Croatia in the Early Middle Ages is the first volume of the intended 5 volumes series that intends to present to the wider audience (in French and English editions) the, in the alchemist parlance, “quintessentia” of Croatian culture and civilization, spanning thirteen centuries (7th to 20th ). The entire series is a project of Croatian Academy of Sciences and Arts, and the other four volumes will see the light in the next few years (the second volume which covers the 13th to 16th century period-mature Medieval Age and Humanism and Renaissance- has already been published in Croatian, with English and French translations to appear till the end of 2003.) This voluminous (630+ pages; dimensions 22 cm x 30 cm) book, written by pre-eminent Croatian academicians and scholars, lavishly illustrated, both scholarly impeccable and accessible to the interested general reading public, is divided into 8 major chapters and 30 minor ones. The major chapters are: Croatia in European History and Culture; Croatian Territorry in Classical Antiquity and in the Middle Ages; Origins, Society, State and Religion; Sources-Inscriptions; Language and Literature; Fine Arts; Music; Science and Philosophy.

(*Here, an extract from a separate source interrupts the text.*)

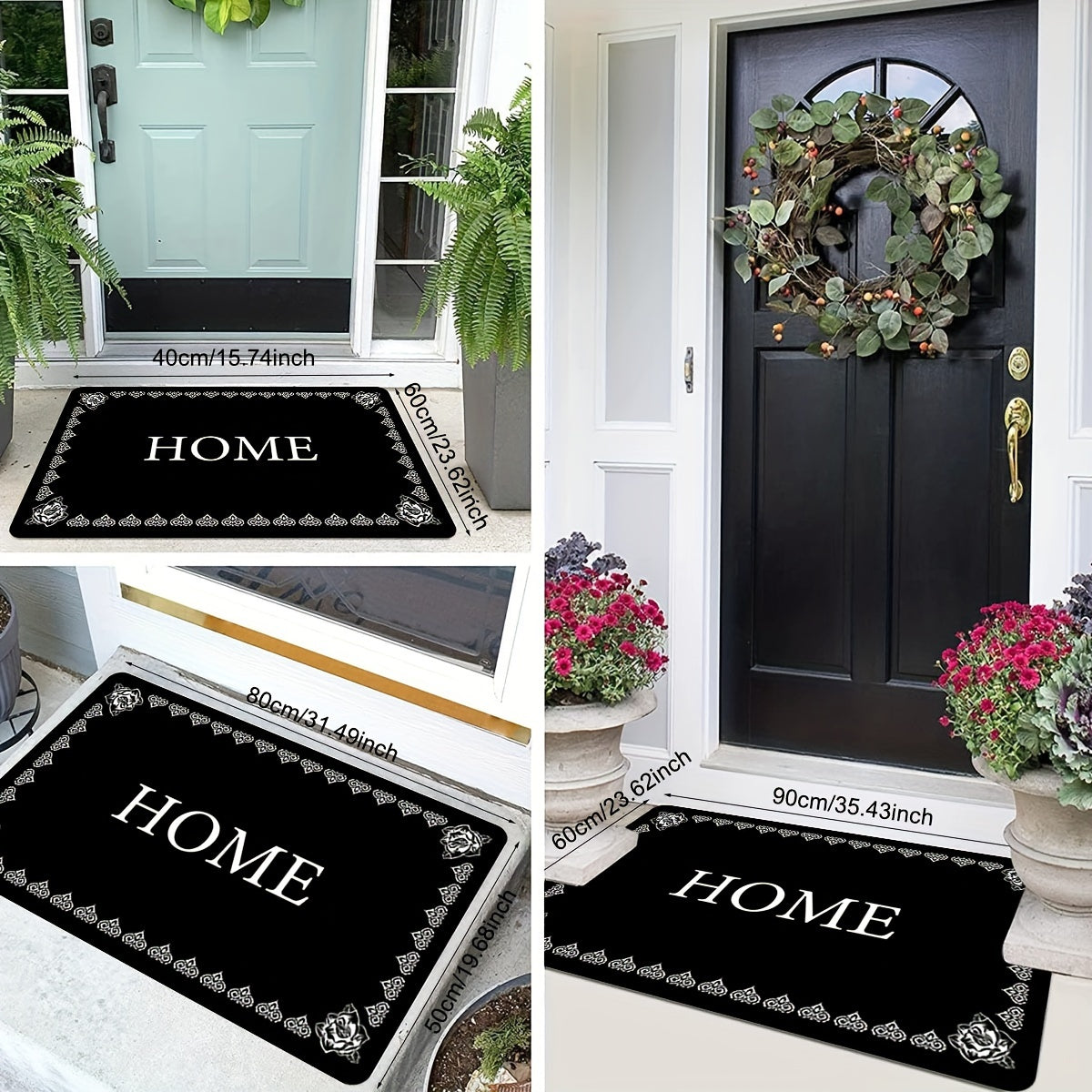 Long-haired flannel floor mat with 1cm sponge bottom, featuring an alphabet printed pattern that says "Welcome Home." Perfect for the kitchen, bathroom, hallway, laundry room, or sink area. This rug is a stylish addition to your home decor and is easy to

Since it is beyond the scope of the review to enumerate all minor chapters, it will have to suffice to name just a few in order to get “the flavor” of the Croatia in the Early Middle Ages survey: Croatia-historical and cultural identity; Greek and Roman Antiquity; The archaelogical heritage of early Croats; The Church and Christianity; The Croatian glagolitic and cyrillic epigraphs until 1200; Language and literature; Glagolitism and glagolism; The pre-Romanesque in Croatia; Sculpture from the 8th to the 12th century; Illuminated manuscripts; The first centuries of Croatian music; Glagolitic chant; Science and philosophy among Croats.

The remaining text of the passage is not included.